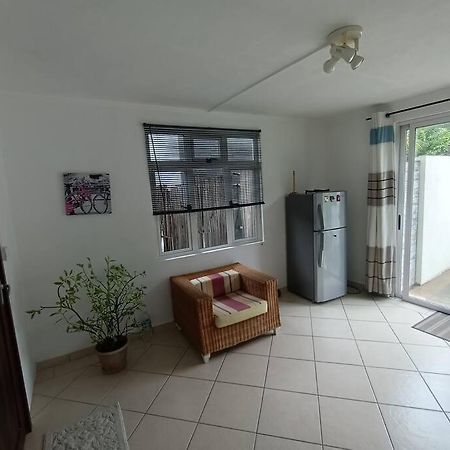 Surf House Holidays Ruisseau Creole Exterior foto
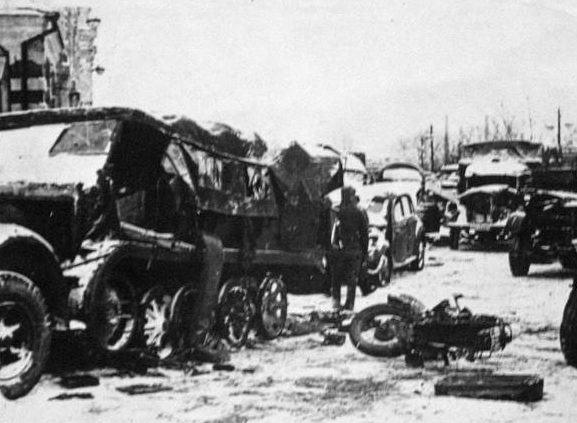 Разбитая немецкая техника в пригороде. Январь 1941 г. 
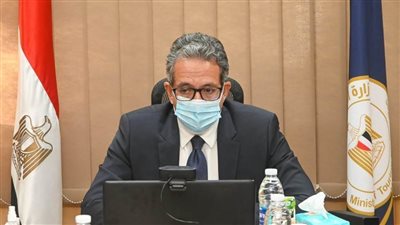 العناني يجتمع مع التحالف الإنجليزي الكندي المكلف للترويج السياحي لمصر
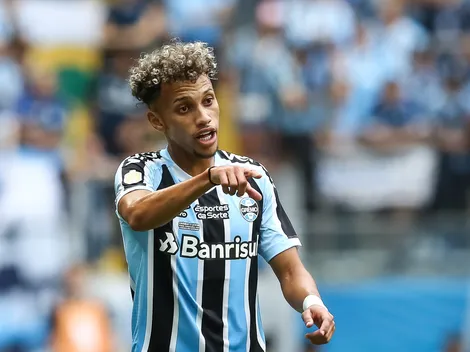 Ele realmente fez ISSO, torcida do Grêmio foi à LOUCURA: Bitello pega TODO MUNDO de surpresa em momento no futebol russo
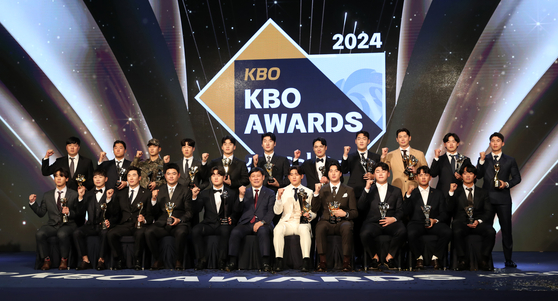 KBO Commissioner Heo Koo-youn, front row center, poses with the winners at the 2024 KBO Awards at Lotte Hotel World in southern Seoul on Tuesday. 2024 KBO MVP Kim Do-yeong sits to the right of Heo, with Rookie of the Year Kim Taek-yeon on the left. [NEWS1] [NEWS1]
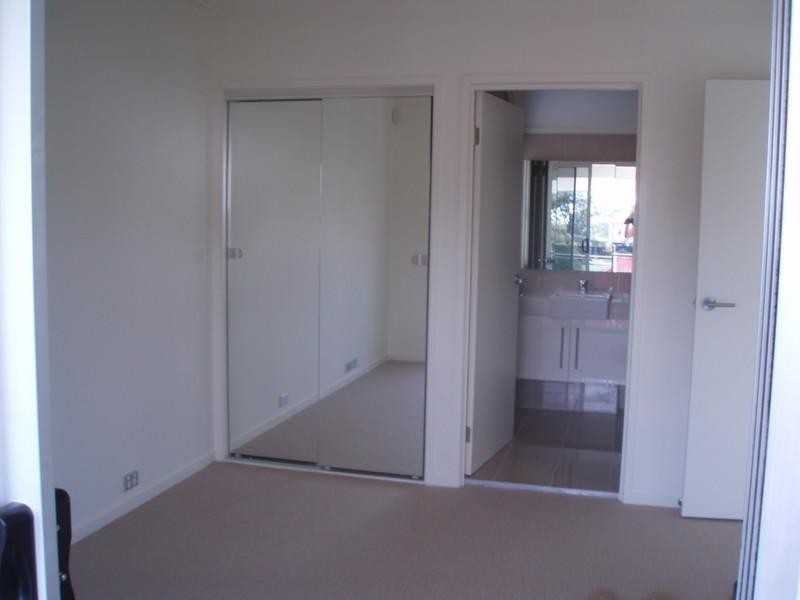 39 Barnes Avenue, Coorparoo QLD 4151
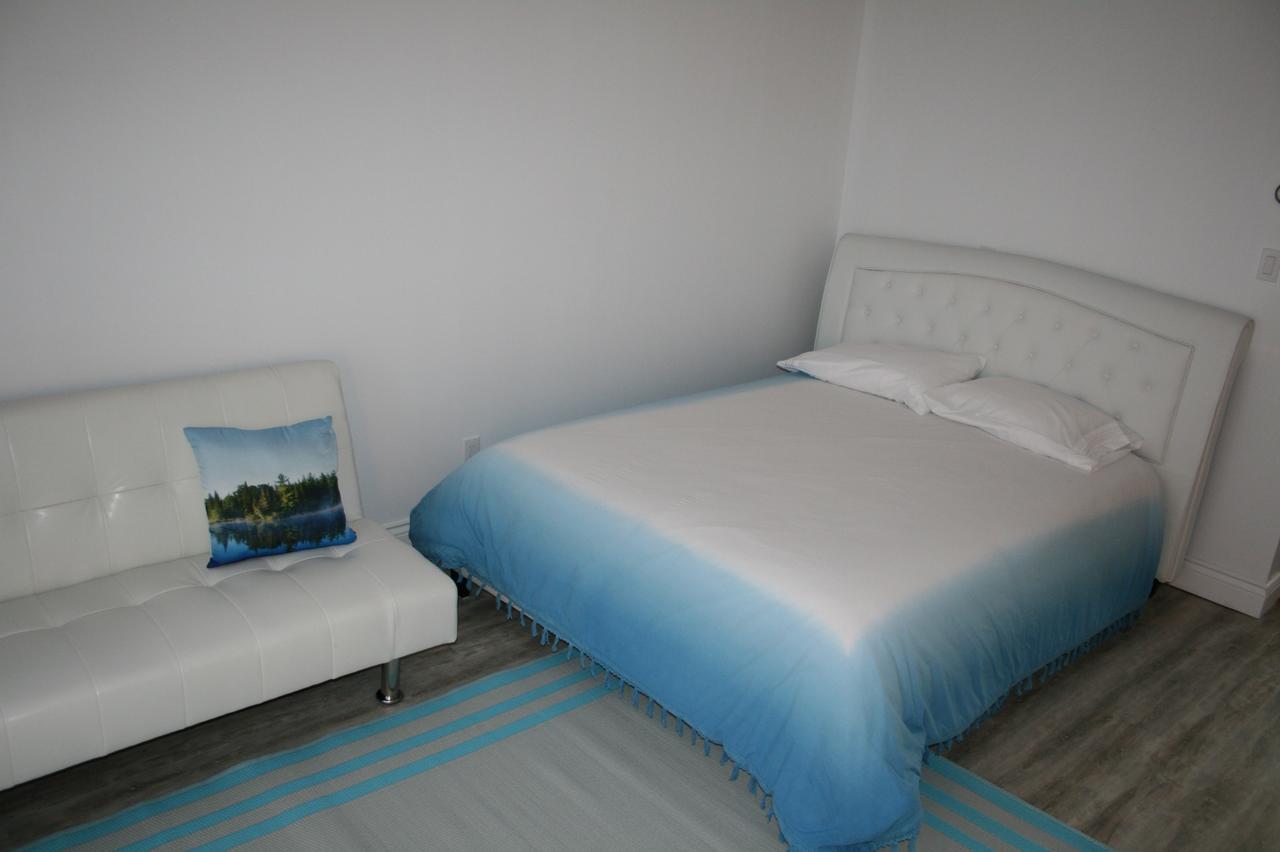 Tamarac Island Motel Stokes Bay Buitenkant foto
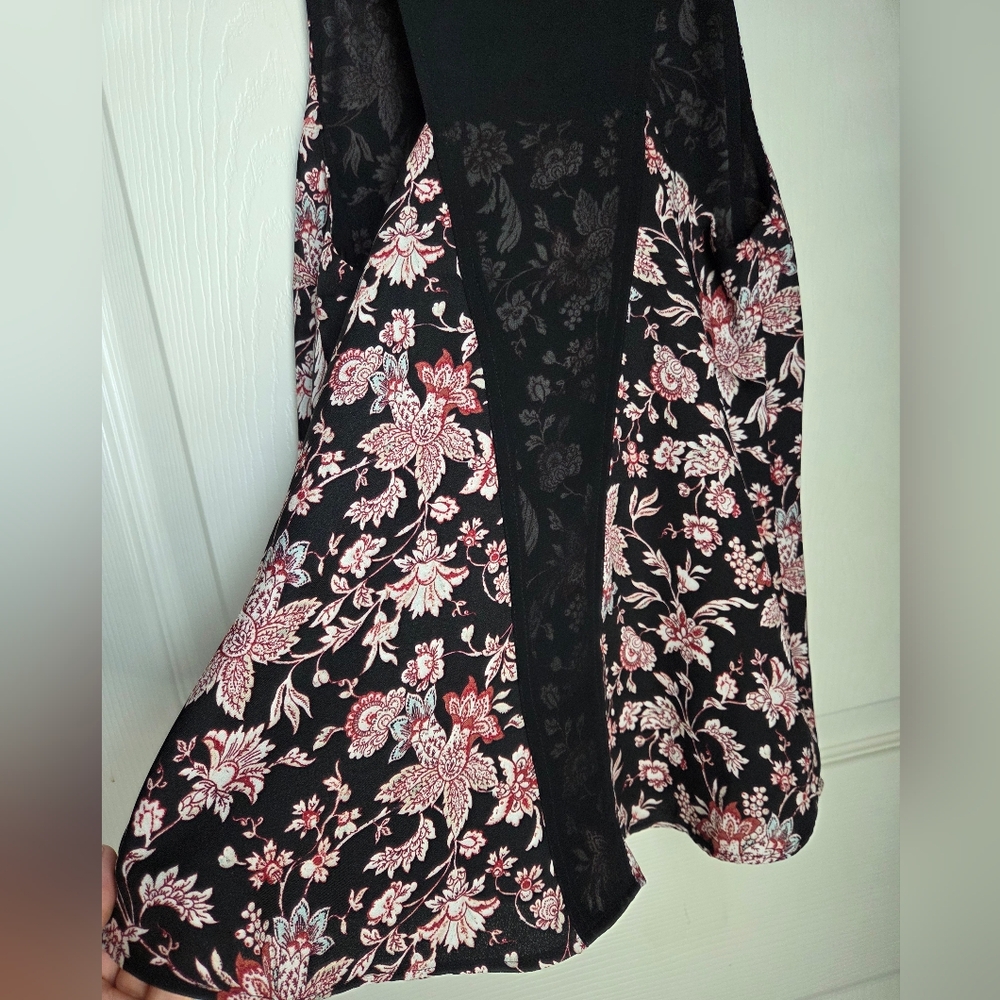 5 For 25💥Express Black Top with Burgundy and Cream Floral Print - Picture 5 of 7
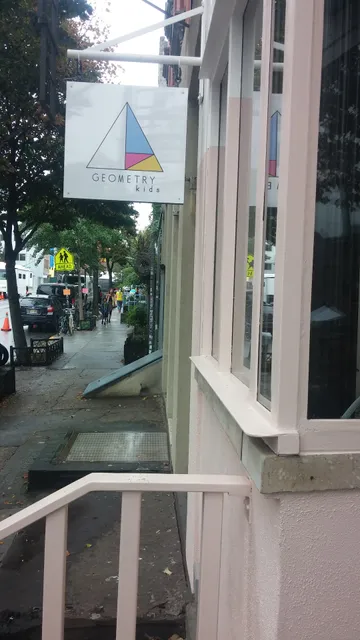 Geometry Floral & Gift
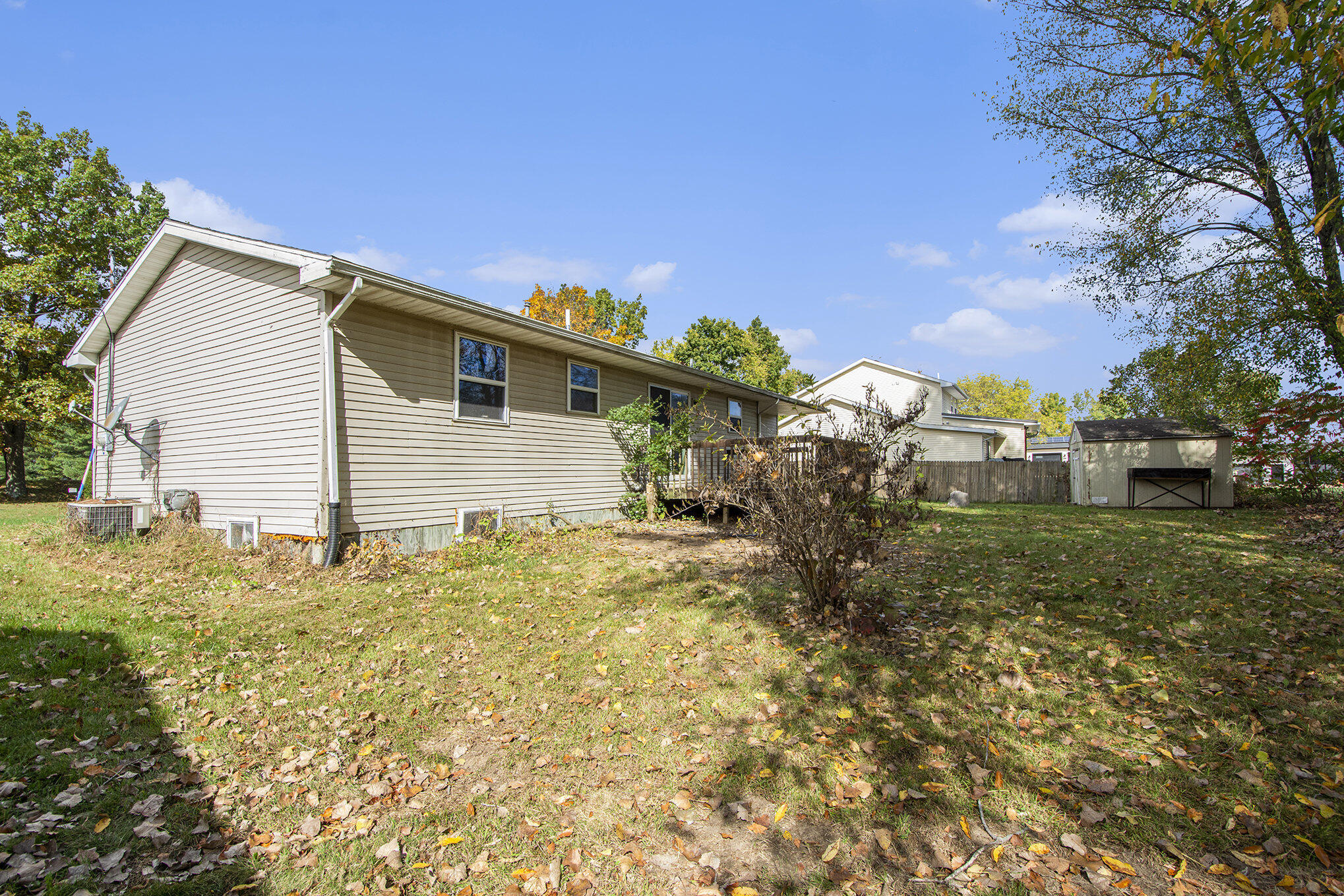 11681 North Meridian Road Pleasant Lake, MI 49272 - Photo 15 of 16 file_643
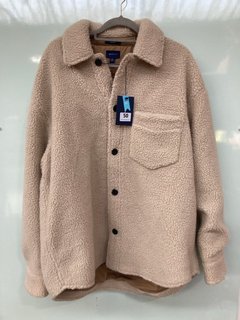 GANT OVERSIZED SHERPA OVERSHIRT IN PUTTY - SIZE XL - RRP £220: LOCATION - BOOTH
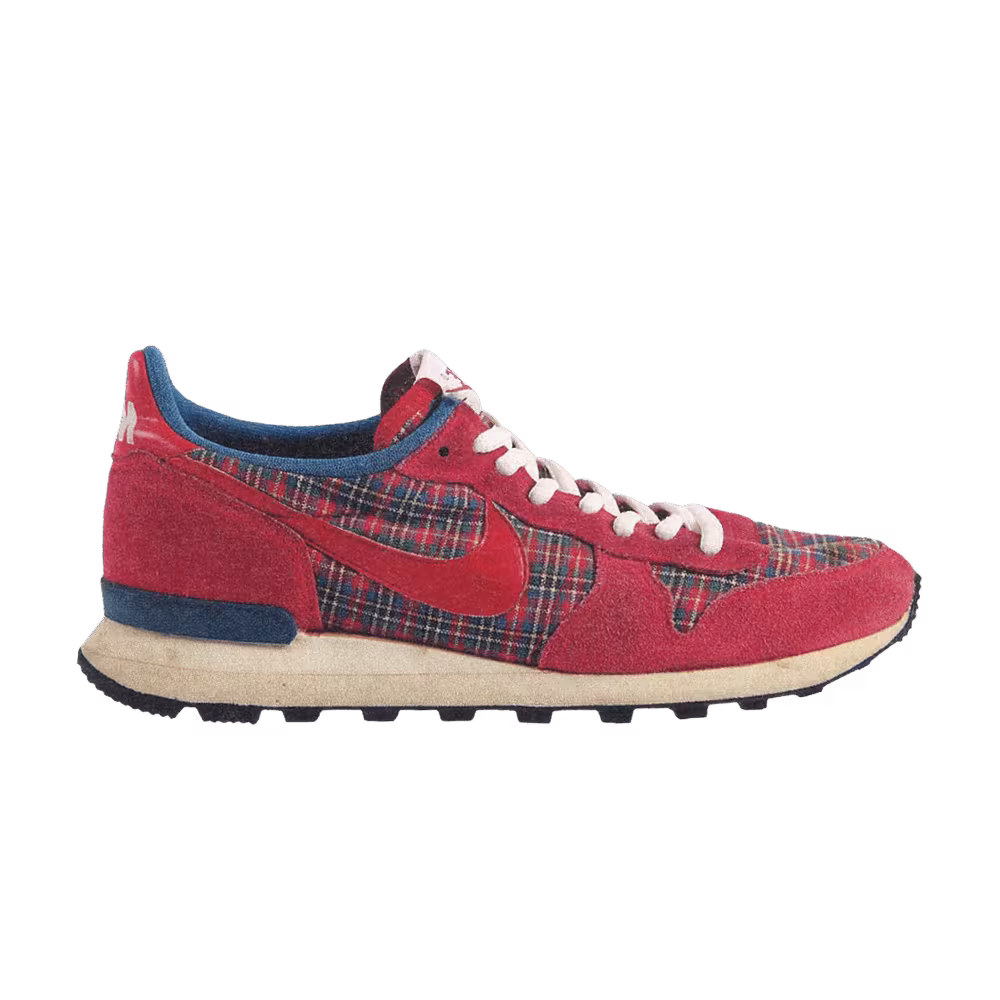 Nike Internationalist Check Red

# Task brief
Please retype the listing above word for word, skipping each picture.

# Solution below
 Surf House Holidays Ruisseau Creole Exterior foto
 Разбитая немецкая техника в пригороде. Январь 1941 г. 
 العناني يجتمع مع التحالف الإنجليزي الكندي المكلف للترويج السياحي لمصر
 Ele realmente fez ISSO, torcida do Grêmio foi à LOUCURA: Bitello pega TODO MUNDO de surpresa em momento no futebol russo
 KBO Commissioner Heo Koo-youn, front row center, poses with the winners at the 2024 KBO Awards at Lotte Hotel World in southern Seoul on Tuesday. 2024 KBO MVP Kim Do-yeong sits to the right of Heo, with Rookie of the Year Kim Taek-yeon on the left. [NEWS1] [NEWS1]
 39 Barnes Avenue, Coorparoo QLD 4151
 Tamarac Island Motel Stokes Bay Buitenkant foto
 5 For 25💥Express Black Top with Burgundy and Cream Floral Print - Picture 5 of 7
 Geometry Floral & Gift
 11681 North Meridian Road Pleasant Lake, MI 49272 - Photo 15 of 16 file_643
 GANT OVERSIZED SHERPA OVERSHIRT IN PUTTY - SIZE XL - RRP £220: LOCATION - BOOTH
 Nike Internationalist Check Red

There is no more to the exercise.